1. Environment Set Up

Clone this repository and install packages.

git clone https://github.com/CostaliyA/Flow-OPD.git
cd Flow_OPD
conda create -n flow_grpo python=3.10.16
pip install -e .

2. Model Download

To avoid redundant downloads and potential storage waste during multi-GPU training, please pre-download the required models in advance.

Models

We optimized the OCR and Deqa experts to achieve better training results.

SD3.5: stabilityai/stable-diffusion-3.5-medium
GenEval Teacher: CostaliyA/SD3.5M-FlowGRPO-OCR-3240 or jieliu/SD3.5M-FlowGRPO-GenEval
OCR Teacher: jieliu/SD3.5M-FlowGRPO-Text
PickScore Teacher: jieliu/SD3.5M-FlowGRPO-PickScore
Deqa Teacher(optional): CostaliyA/SD3.5M-FlowGRPO-Deqa-Mix

Reward Models

PickScore:
- laion/CLIP-ViT-H-14-laion2B-s32B-b79K
- yuvalkirstain/PickScore_v1
CLIPScore: openai/clip-vit-large-patch14
Aesthetic Score: openai/clip-vit-large-patch14

3. Reward Preparation

The steps above only install the current repository. Since each reward model may rely on different versions, combining them in one Conda environment can cause version conflicts.

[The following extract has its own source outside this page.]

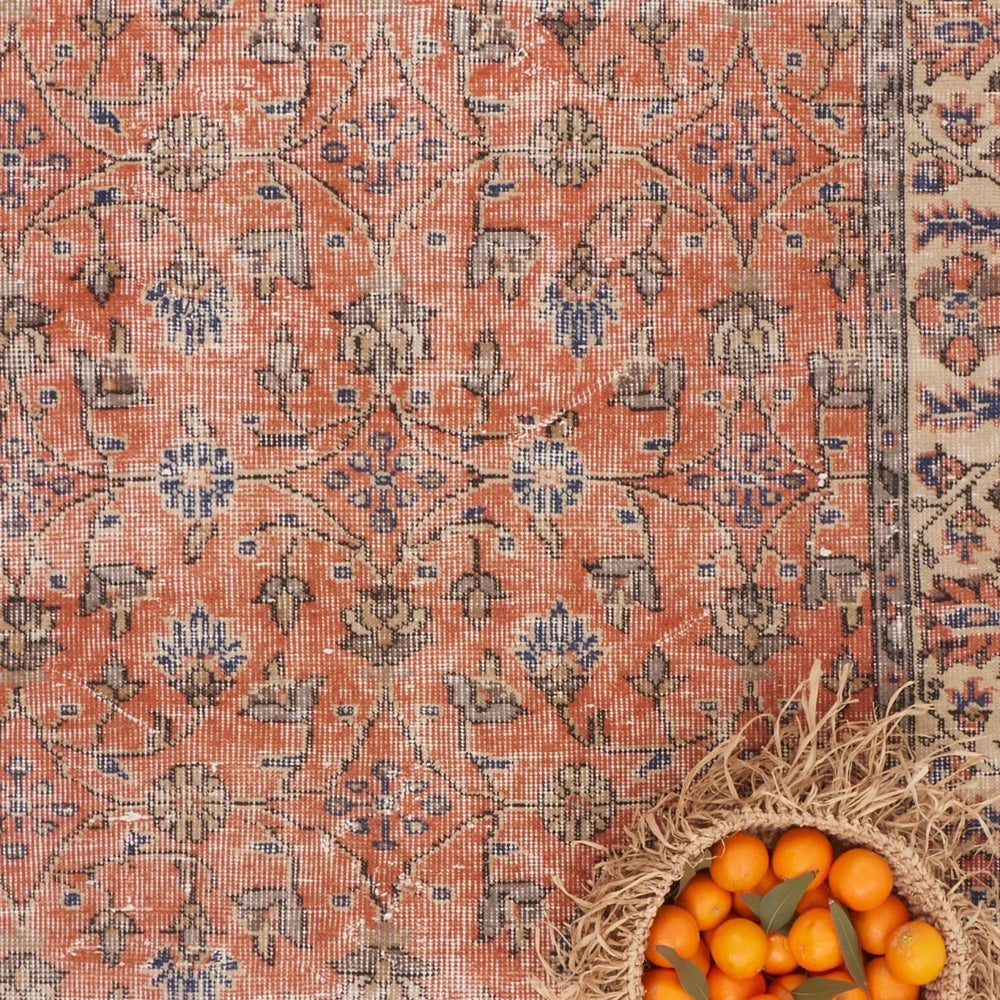 
                      
                        'Heather' Vintage Turkish Rug - 3'10.5'' x 7'3.5'' - Canary Lane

To avoid this, we adopt a remote server setup inspired by ddpo-pytorch. You only need to install the specific reward model you plan to use.

GenEval

Please create a new Conda virtual environment and install the corresponding dependencies according to the instructions in reward-server.

OCR

Please install paddle-ocr:

pip install paddlepaddle-gpu==2.6.2
pip install paddleocr==2.9.1
pip install python-Levenshtein

Then, pre-download the model using the Python command line:

from paddleocr import PaddleOCR
ocr = PaddleOCR(use_angle_cls=False, lang="en", use_gpu=False, show_log=False)

Pickscore

PickScore requires no additional installation. Note that the original pickscore dataset corresponds to dataset/pickscore in this repository, containing some NSFW prompts. We strongly recommend using pickapic_v1_no_images_training_sfw, the SFW version of the Pick-a-Pic dataset, which corresponds to dataset/pickscore_sfw in this repository.

DeQA

Please create a new Conda virtual environment and install the corresponding dependencies according to the instructions in reward-server.

UnifiedReward

Since sglang may conflict with other environments, we recommend creating a new conda environment.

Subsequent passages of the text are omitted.